Consolidating fiscal policy
The fiscal consolidation initiated in 2023 will continue in 2024. In its budget, the government expects the fiscal deficit to narrow. Despite faster economic growth, tax rates hikes (service tax and excise duties on sugar-sweetened beverages), as well as the introduction of new taxes including those on luxury goods and capital gains, a lower dividend from national petroleum company Petronas (which generates most of the petroleum-related public revenue) will result in an only slight increase in revenue. Meanwhile, marginal public expenditure cuts are likely (-0.8% from 2023) with lower subsidy allocation on back of the implementation of targeted subsidies and the absence of debt obligations related to state fund 1Malaysia Development Berhad (1MDB). Fiscal consolidation is expected to stabilise the public debt load, which is almost exclusively denominated in local currency (97%) and long term in nature.
Private indebtedness, including that of Malaysian households, is more worrisome. That said, banking-sector risks would appear limited. The country’s banks post adequate liquidity buffers and capitalisation rates. In addition, the share of household loans with deteriorating credit risk declined from 6.7% in December 2022 to 4.6% in June 2023.

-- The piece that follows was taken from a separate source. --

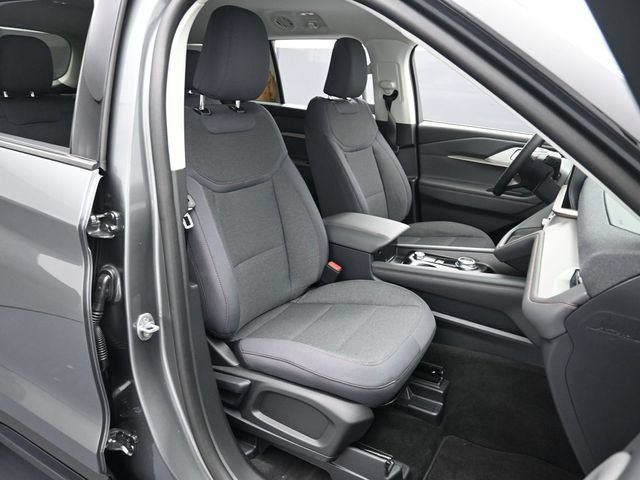 Certified 2026 Ford Explorer Active RWD image 28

The current account surplus narrowed in 2023 due to a reduced balance of goods surplus, after reaching an all-time high in 2022. The current account surplus is expected to increase in 2024. The balance of goods is set to improve with the recovery – albeit limited – in exports. However, despite a higher number of foreign visitors resulting in the travel service balance returning to surplus in 2023 (0.9% of GDP), the overall deficit of services could increase with higher transportation costs due to expanding foreign trade and costlier sea freight due to trade disruptions in the Red Sea and the Gulf of Aden. In addition, a larger primary account deficit on back of profit repatriation amid dynamic foreign investment inflows will continue to weigh on the current account surplus. The latter, alongside foreign direct investment, will keep fuelling international reserves and should therefore remain adequate, covering 5.4 months of imports, which is sufficient to repay short-term external debt (42% of total external debt) as of February 2024. Although the external debt, which is overwhelmingly private, increased from an already hefty level of 63.9% of GDP in 2022 to 68.2% in 2023, it still remains manageable as it is mainly denominated in Malaysian ringgit and accounts for a limited share (3.8%) of 2023 FDI inflows.
Anwar treads a fine line
After the 2022 general elections, which led to a highly fragmented Parliament, the two coalitions Pakatan Harapan (PH) and Barisan Nasional (BN) agreed to form a government at the previous king’s insistence. PH’s leader and long-time leader of the opposition, Anwar Ibrahim, was appointed as Prime Minister (PM). This alliance enables him to secure half of the lower house of Parliament’s seats (111 out of 222). Other smaller coalitions and parties subsequently joined the coalition, enabling Anwar to win a vote of confidence in December 2022. The opposition is composed of the Islamic Party (PAS) and some members of the nationalist BERSATU party. However, such a disparate group (in terms of political ideology and ethnicity) may thwart Anwar’s ability to instigate reforms and jeopardise his chances of remaining Prime Minister. In addition, his commitment to fighting corruption has been questioned following two judicial measures relating to corruption convictions imposed on two prominent members of UMNO, the main party of the BN coalition, with which he governs. Former PM Najib Razak’s prison sentence was halved, while the High Court issued a "discharge not amounting to acquittal" to the former deputy PM Ahmad Zahid Hamidi in September 2023. One year after he assumed office, his approval rating dipped to 50% in November 2023, from 68% in December of the previous year.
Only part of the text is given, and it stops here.